The TCJA failed to specify a life for the new category which effectively made all QIP assets general nonresidential real property recoverable over a 39-year period and ineligible for bonus depreciation.  The CARES Act now designates QIP as 15-year property for purposes of claiming Federal depreciation expense.  That designation also makes QIP eligible for immediate 100% bonus depreciation.  The change is permanent and may be applied retroactively for QIP placed in service after December 31, 2017.
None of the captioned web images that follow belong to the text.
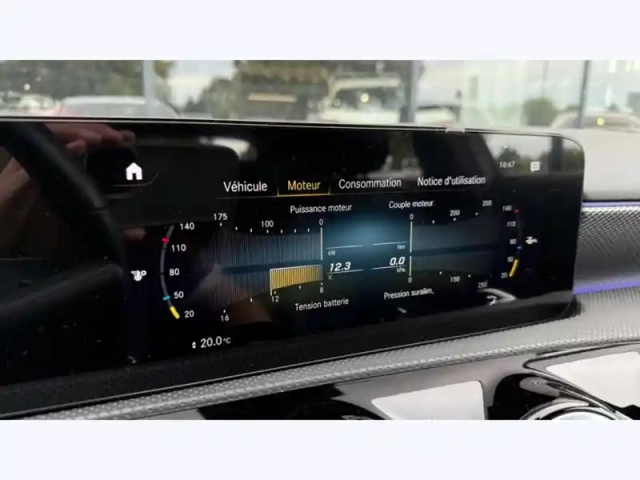 Mercedes Classe A 200 d progressive line — photo 6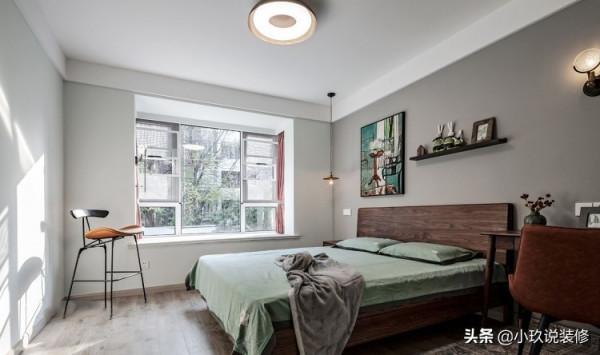 她家90㎡裝修,雖不豪華,但還是進門就把我迷住,不弔頂也超耐看 她家90㎡裝修,雖不豪華,但還是進門就把我迷住,不弔頂也超耐看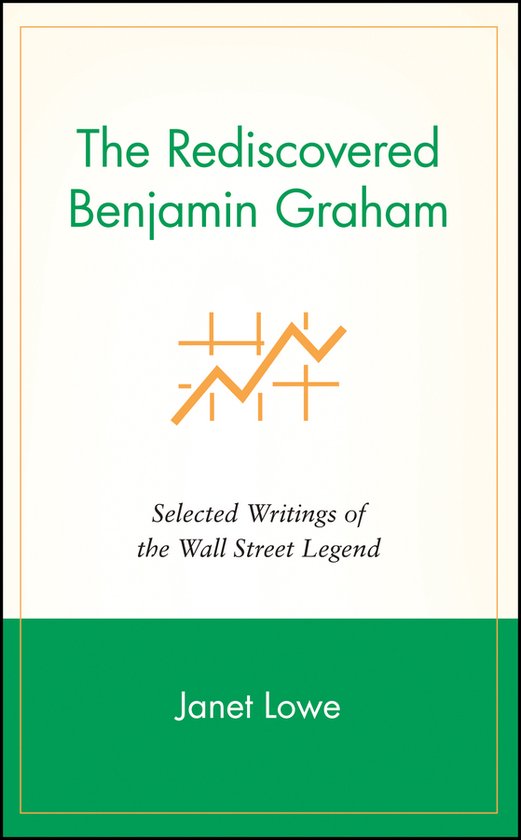 Rediscovered Benjamin Graham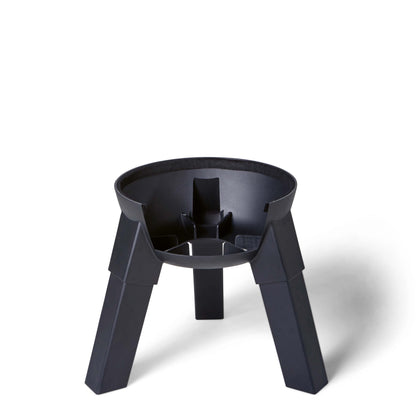 Moddern Kamado Olive Green Aluminum Base and Legs (black)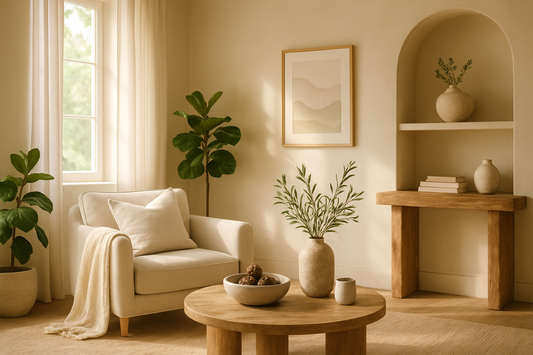 5 Ways to Transform Your Space with Simply Serene Products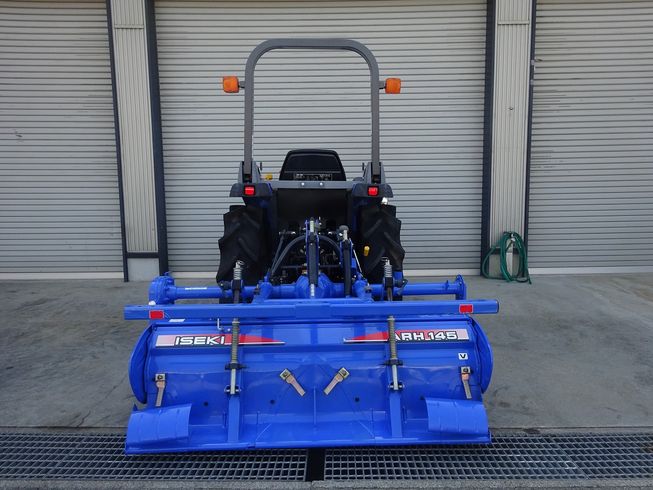 トラクター TH205-B 写真11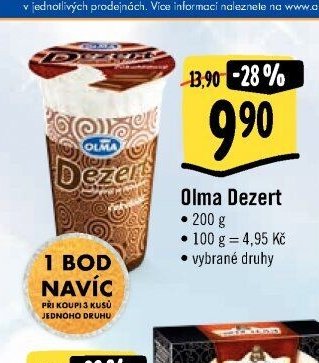 Olma Dezert
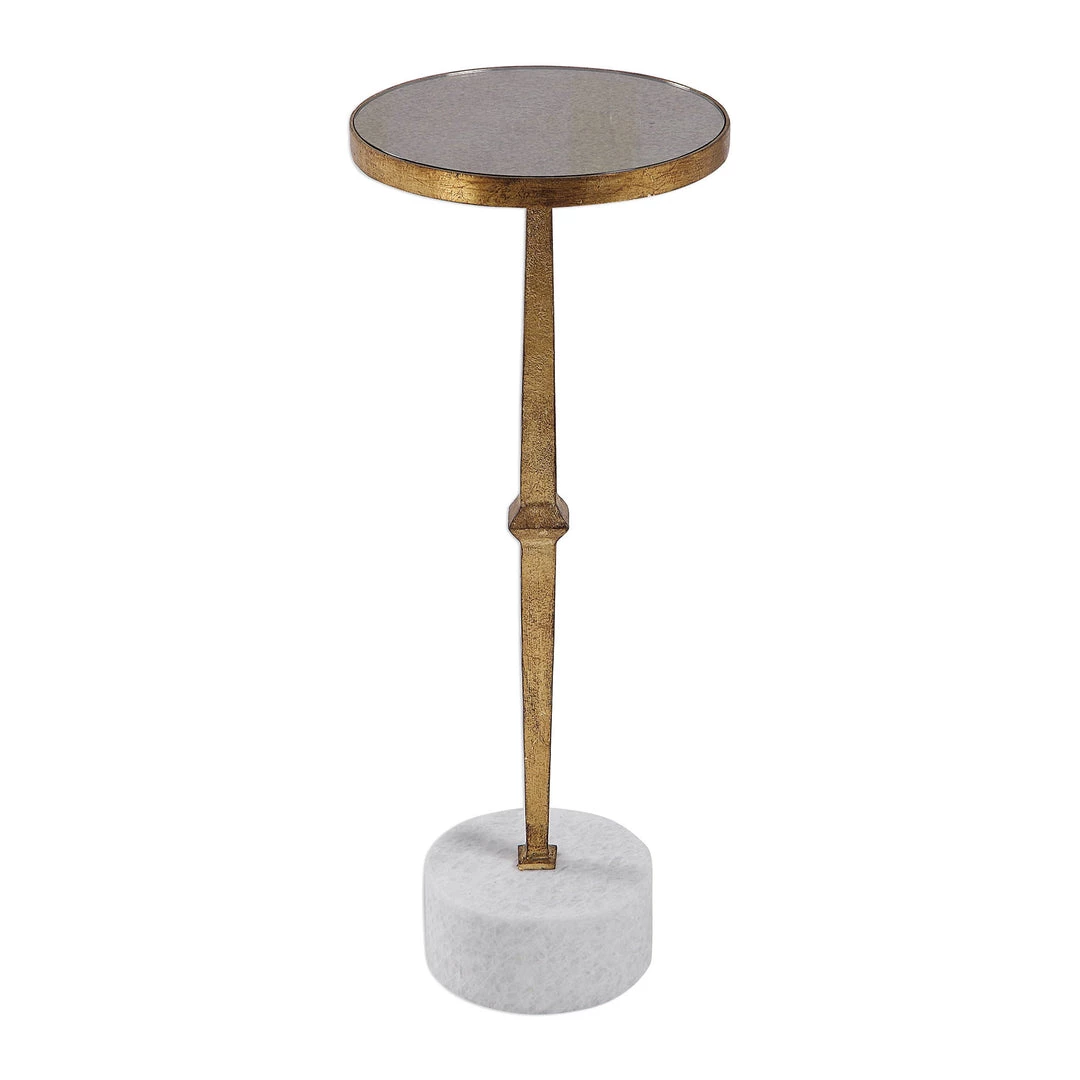 Uttermost Miriam Round Accent Table 6 Uttermost Miriam Round Accent Table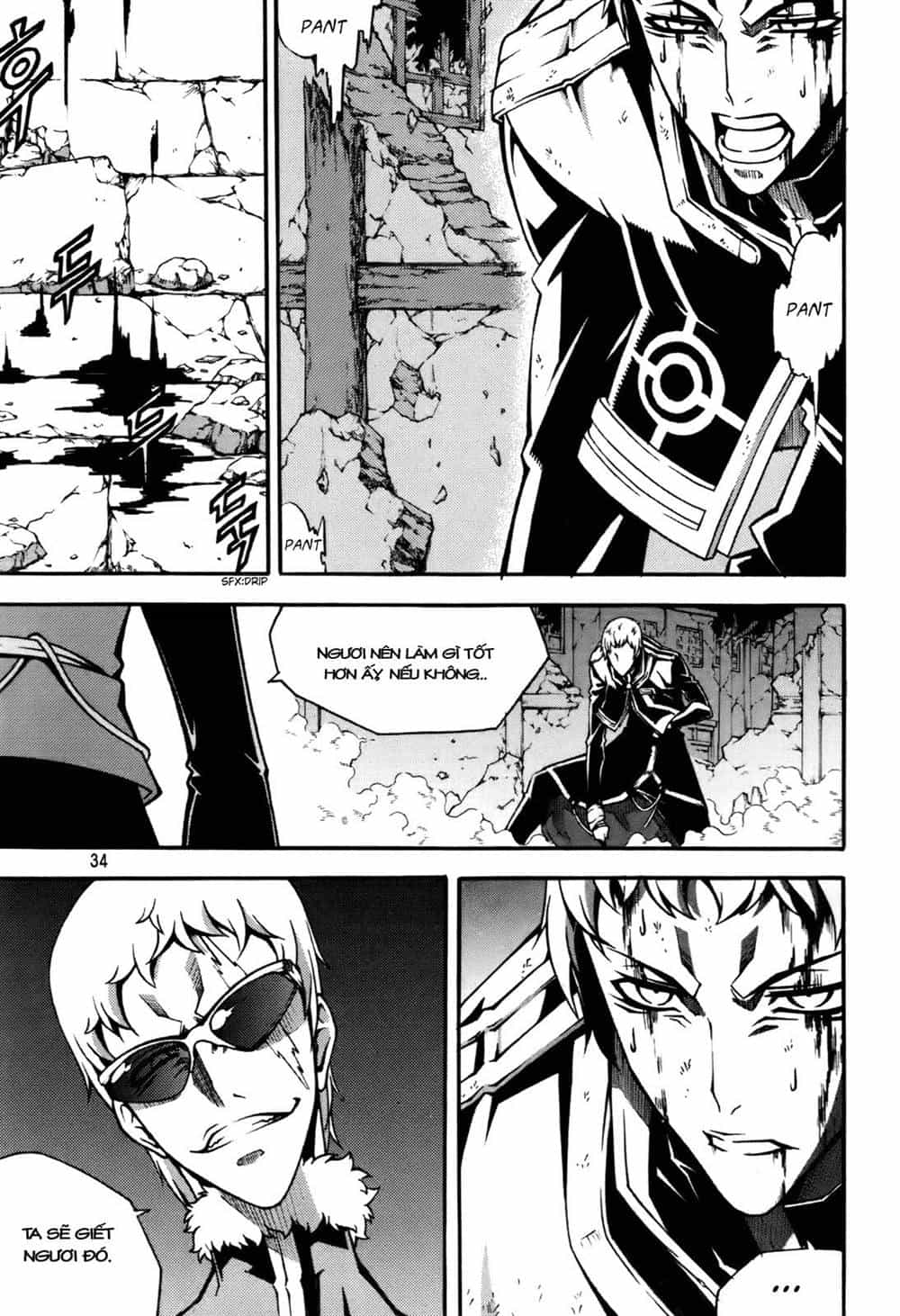 Witch Hunter - Chương 54 - ảnh 5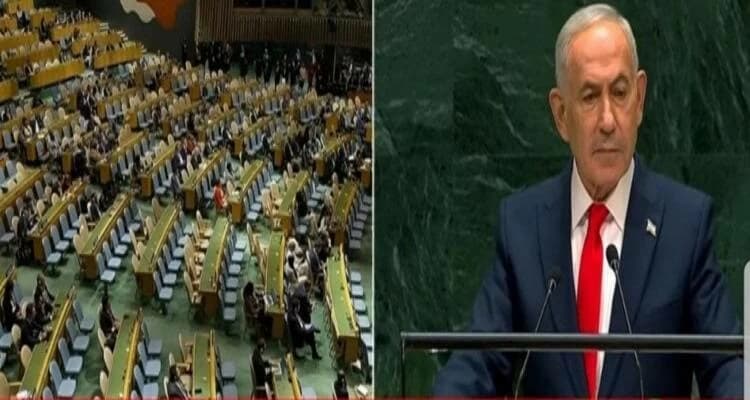 Israeli analyst: 'Empty seats' signal political shift for Netanyahu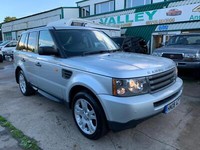  Range Rover SPORT 'S' 2.7 TDV6 AUTO (A REMARKABLE SPECIMEN THAT HAS TO BE SEEN)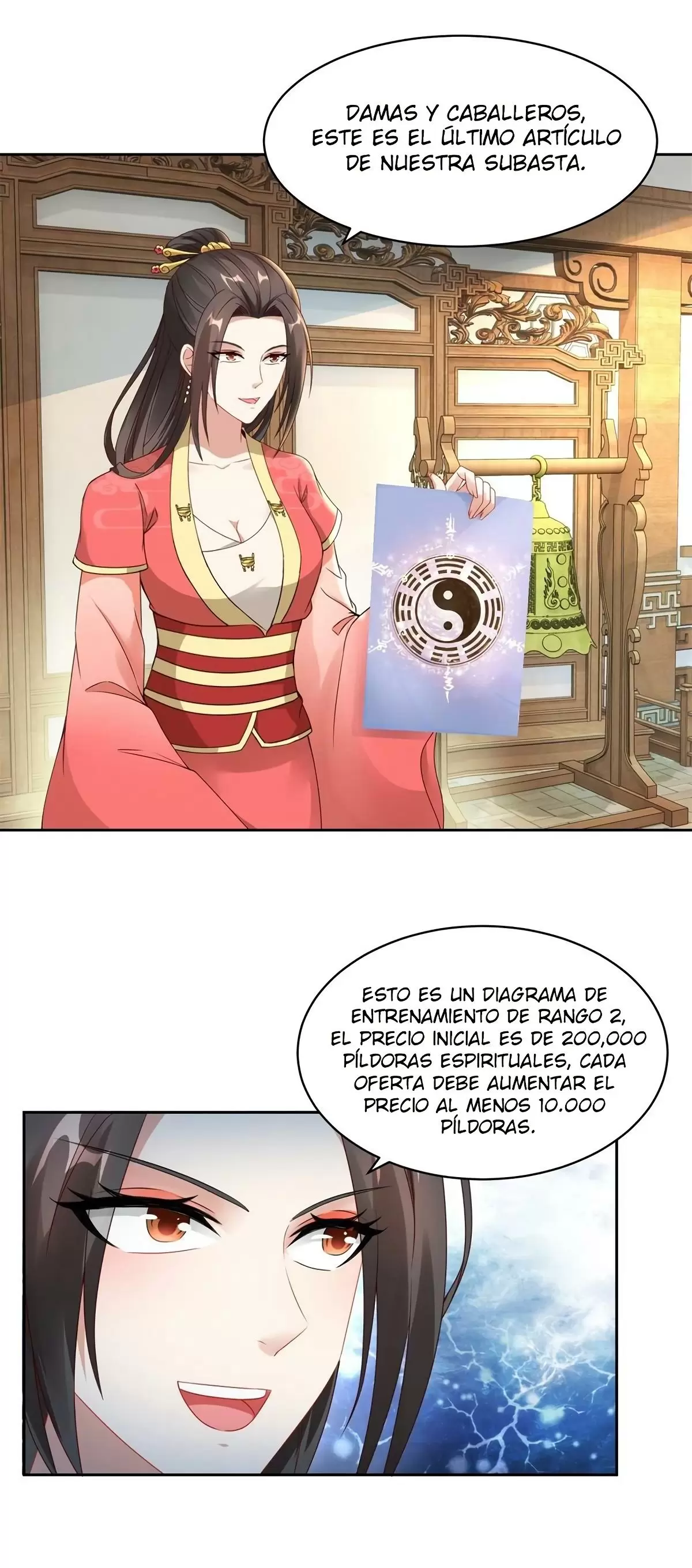 Emperador del Alma Divina — Capítulo 63 — 7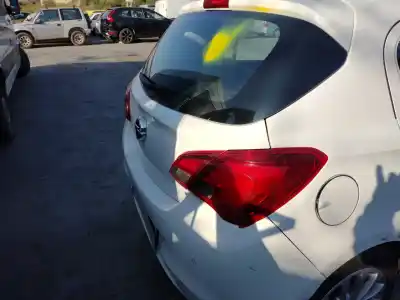Здавання транспортного засобу opel corsa e (x15) 1.4 turbo (08, 68) року 2018 потужний b14xer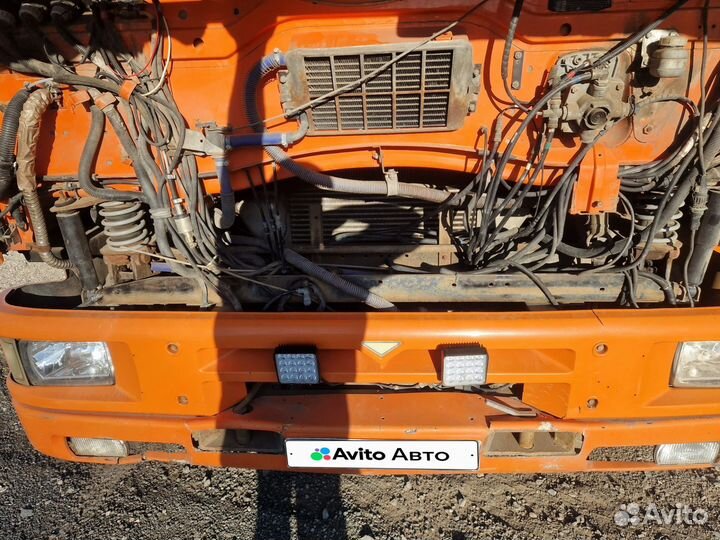 КАМАЗ 6460, 2012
The IRS has issued Revenue Procedure 2020-25 which provides the following actions taxpayers may take to retroactively claim the benefits of a shorter depreciable life and bonus depreciation for QIP.  These actions may be taken for QIP placed in service by a taxpayer after December 31, 2017 and reported on its 2018, 2019, or 2020 income tax returns:

  1. Amended Tax Return: A taxpayer may amend its 2018 and 2019 (if already filed) Federal income tax returns to claim the additional depreciation expense, including 100% bonus depreciation, for QIP.   If the amendments create or increase a net operating loss, the taxpayer can file a refund claim by carrying back that loss to the five preceding tax years.
  2. Accounting Method Change: A taxpayer may file Form 3115, Application for Change in Accounting Method, to report the cumulative effect of applying the new QIP rules, including 100% bonus depreciation, in the tax year the method change is filed.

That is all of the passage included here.